Когда ехал на
Байкал, познакомился с двумя мужичками.
Один школьный учитель из
Казани, другой армянин из
Петрозаводска.
Школьный учитель ехал на Ольхон в пятый раз - каждый год он приезжает туда с палаткой, живет дикарем, ловит рыбу, медитирует у костра, зарастает окладистой бородой.
Армянин ехал в первый раз. В столице Карелии у него прогорел бизнес. Он удрал от кредиторов, и решил поступить нестандартно - просветлиться на Ольхоне, а там... а там будет видно, что дальше.
Армянин представился, как это нередко водится, русским именем, изменив свое, оставив лишь заглавную букву. Терпеть не могу!

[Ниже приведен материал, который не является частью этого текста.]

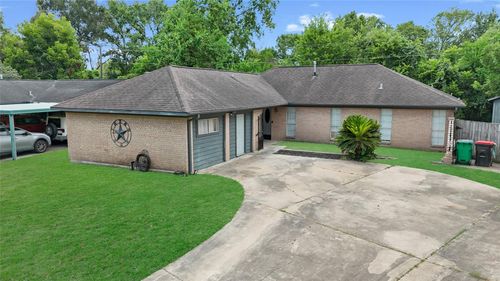 4205 Lariat Dr, Baytown, TX, 77521-3513 | Card Image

Дано человеку имя - ну и представься им.
Был у меня один знакомый, ГБ-шник в летах, Мансур Салахутдинович. Так сам представлялся Михаилом Сергеевичем.
Есть знакомая Файля Амировна - представляется Фаиной Андреевной. Зачем?!
Кто-то переломится человека его нареченным именем назвать?
Даже не знаю, чего здесь больше - дебилизма или шовинизма, но определенно из этого что-то одно.
Школьный учитель был неплохим, в общем-то, мужичком, но с ярко выраженной учительской профдеформацией - привычкой доносить любую мысль как истину в последней инстанции.
Армянин был скользже, с двойным дном. Но хотя бы проповедовать не принимался.
Армянин попивал водочку и коньяк - за приезд, за отъезд, за просветление.
Учитель гордо блюл здоровье, нравственное и физическое. Трезвость как норма жизни.
Рассказывал что-то про гиперборейцев, про то, как наши предки до ста лет жили, на молоке да каше, ну и прочий
анастасийский бред, в который, как любой экопоселенец, свято сам верил.
Они сошлись, волна и камень, лёд и пламень. Так, как сходятся непохожие люди.
Спорили о чем-то увлеченно.
Точнее - не спорили. Учитель доносил мысль, снисходительно называл армянина Фомой неверующим.
Хотя тот ни разу ему не перечил, только лишь кивал, приговаривая с акцентом: - "Так, всё так. На молоке и каше, по сто лет жили, так..."
Учитель - голубоглазый, высокий, поджарый. Пышная шевелюра.
Армянин - с вершок, лысый череп. У него была привычка присесть, положив подбородок на руку, и барабанить пальцами по блестящей лысине.
Армянин ходил в церковь. Делал это во многом напоказ.
Учитель всем своим видом показывал, что он великодушно прощает человечеству его маленькие слабости.
Армянин снимал комнатку в бурятском доме, рядом со мной.
Учитель жил в палатке, но приходил к нему в гости.
- "К природе, Аркадий, к природе быть ближе надо!" - все убеждал - "успеешь в четырех стенах пожить, эх, Фома неверующий!"
- "Так, всё так!" - кивал армянин - "Природа - мать, ближе к ней надо быть".
После чего выпивал стопочку коньяка.
Учитель пил травяной чай. Глиняную кружку приносил свою - экологически чистая, он говорил.
Однажды армянин, больше предпочитавший слушать, вдруг начал рассказывать какую-то свою историю - о Армении, о своем деде. Вспомнил озеро Севан, глядя на воды Байкала - вдруг в нем впервые промелькнуло что-то настоящее, человеческое. Отрешенные глаза вдруг заблестели карим огнем.
Первый раз рассказывал он - путано как-то, непоследовательно, но с душой.
Учитель слушал молча, потом неодобрительно хмыкнул, допил чай, вскоре собрался и ушел к себе в палатку.
Больше в гости не приходил.
Армянин все так же попивал коньячок. Я слышал, как он иногда вздыхает и цокает языком в соседней комнате.
Иногда гремела фляжка.
Учитель с армянином еще много раз пересекались - ну, Хужир - центр притяжения, тем более жили мы у самой Шаманки, место ходовое. Природа природой, но консервы в сельпо никто не отменял.
Вежливо здоровались. Но учитель уже не проповедовал. Словно обиделся на что-то. Но вновь великодушно простил людям их маленькие слабости.
Армянин шел в одну сторону холма, учитель в другую. Я смотрел им вслед.
- "Так и не познакомились" - подумал.